Altijd als ik van die mooie oude handen zie, wil ik ze graag nog even vasthouden en een keer strelen. Niet alleen omdat ze me doen denken aan mijn eigen oma, maar ook omdat ik zo benieuwd ben naar alles wat die handen doorleefd hebben. Ze zeggen vaak zoveel.
Ook deze mevrouw had van die prachtige, maar broze handen. Elke week maakte ik haar haren mooi en altijd bij het weggaan zei ze: “Ik zie je volgende week wel weer. Kijk maar hoe laat je komt, ik loop niet weg… Als je maar komt!” Steevast zwaaide Fenny me dan uit, met die mooie handen van haar.
Voor ons allebei een waardevol wekelijks ritueel. Tot ze niet meer zelfstandig kon wonen en naar een verzorgingstehuis ging. In haar oude huis hebben we als afsluiter samen nog een advocaatje met slagroom gegeten. Met een glimlach op ons gezicht. Ze hield mijn handen even vast.
Een paar maanden later was ze er niet meer… 96 jaar mocht ze worden.
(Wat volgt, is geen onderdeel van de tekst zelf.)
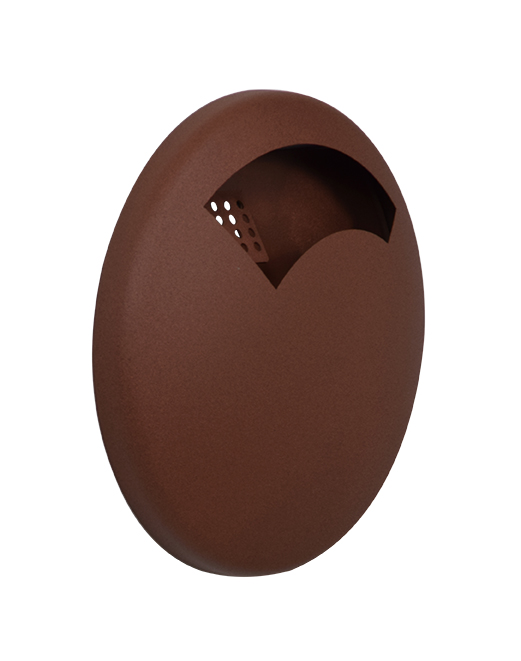 Cendrier mural - 0.5L - Disco - Acier poudré anti-UV - Capacité 300 mégots_3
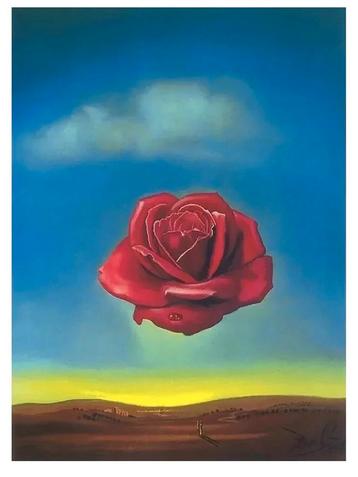 Kunstdruk Salvador Dali - Rose Meditative 60x80cm beschikbaar voor biedingen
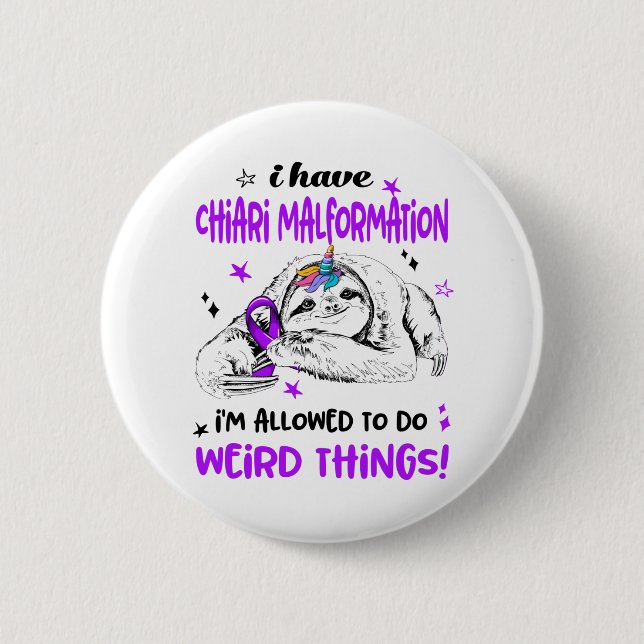 Chiari Malformation Awareness Month Ribbon Gifts 2 Inch Round Button (Front)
Altijd positief, geïnteresseerd en zó lief: ze was een groot voorbeeld voor mij.
Toen haar nicht belde en vroeg of ik haar uitvaart wilde doen, omdat Fenny dat heel fijn zou hebben gevonden, hoefde ik niet na te denken. Met gepaste trots stapte ik even later de auto in: mocht ik ook nog dat laatste stukje van Fenny volbrengen.